Side note … and absolutely nothing inherently wrong with well implemented BNC connection interface when special attention is addressed by designer. My last preferred choice in the chain reaching the DAC.

Edit … I want BNC on my TV! ;-) 

BNCs are much more expensive than RCAs. RCAs were designed for an audio signal and the BNCs are usually used for RF signals, although there is some crossover.  

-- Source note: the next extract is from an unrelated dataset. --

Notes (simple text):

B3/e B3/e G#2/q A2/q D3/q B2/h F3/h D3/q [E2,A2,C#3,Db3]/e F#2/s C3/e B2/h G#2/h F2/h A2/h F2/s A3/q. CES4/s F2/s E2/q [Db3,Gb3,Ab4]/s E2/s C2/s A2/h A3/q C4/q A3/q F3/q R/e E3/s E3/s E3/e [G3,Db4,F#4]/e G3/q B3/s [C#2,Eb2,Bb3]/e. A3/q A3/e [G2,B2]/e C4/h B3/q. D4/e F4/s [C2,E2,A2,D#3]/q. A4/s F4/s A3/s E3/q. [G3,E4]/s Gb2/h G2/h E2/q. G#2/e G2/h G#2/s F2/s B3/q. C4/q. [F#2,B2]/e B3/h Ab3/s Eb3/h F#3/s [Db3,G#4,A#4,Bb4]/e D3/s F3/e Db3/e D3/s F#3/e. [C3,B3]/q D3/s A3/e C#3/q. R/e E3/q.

@russ69  Uh....  yes, we know that.  A few bucks (maybe) vs a few cents.  And yet the Anthem STR preamp (>$4000), NAD M33 (~$6000) and McIntosh C49 ($5500) and have RCA's.  This is "premium" gear using a demonstrably inferior implementation of the spdif protocol.  To get BNC on McIntosh you have to get the $8000 D1100.  There are countless other examples.  Yet few "audiophiles" really seem to care.  Despite that people debate over about premium coaxial cables with RCA terminations along with all manner of other unmeasurable unicorn juice like fancy power cables, elevating speaker cables off the floor, power condtioners, etc etc. 

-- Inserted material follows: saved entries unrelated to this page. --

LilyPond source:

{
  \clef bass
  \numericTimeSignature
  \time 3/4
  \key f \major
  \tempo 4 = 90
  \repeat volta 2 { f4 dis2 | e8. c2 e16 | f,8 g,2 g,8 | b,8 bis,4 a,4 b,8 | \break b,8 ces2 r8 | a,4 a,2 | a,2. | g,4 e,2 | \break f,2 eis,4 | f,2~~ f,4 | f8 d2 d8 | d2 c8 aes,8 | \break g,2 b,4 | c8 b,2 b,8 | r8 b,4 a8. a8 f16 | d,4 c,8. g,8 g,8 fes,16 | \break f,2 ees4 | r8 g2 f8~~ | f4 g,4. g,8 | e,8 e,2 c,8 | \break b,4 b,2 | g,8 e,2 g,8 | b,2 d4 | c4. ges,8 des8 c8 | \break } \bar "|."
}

And in this case one might make the technical argument that the mismatch doesn't become significant until the signal frequency is in the RF, so not audible.  Well, maybe.  Yet how many people here obsess over the sonic differences between 24/96 and 24/192 or whatever?  God save us.

@russ69  Uh....  yes, we know that.  A few bucks (maybe) vs a few cents. 

If it ain't broke, don't fix it. The RCA's only weakness is long cable runs, the XLR solved that issue and is a standard at this point. The BNC offers nothing in the way of improved sonics.

@russ69 If it ain’t broke, don’t fix it. The RCA’s only weakness is long cable runs, the XLR solved that issue and is a standard at this point. The BNC offers nothing in the way of improved sonics.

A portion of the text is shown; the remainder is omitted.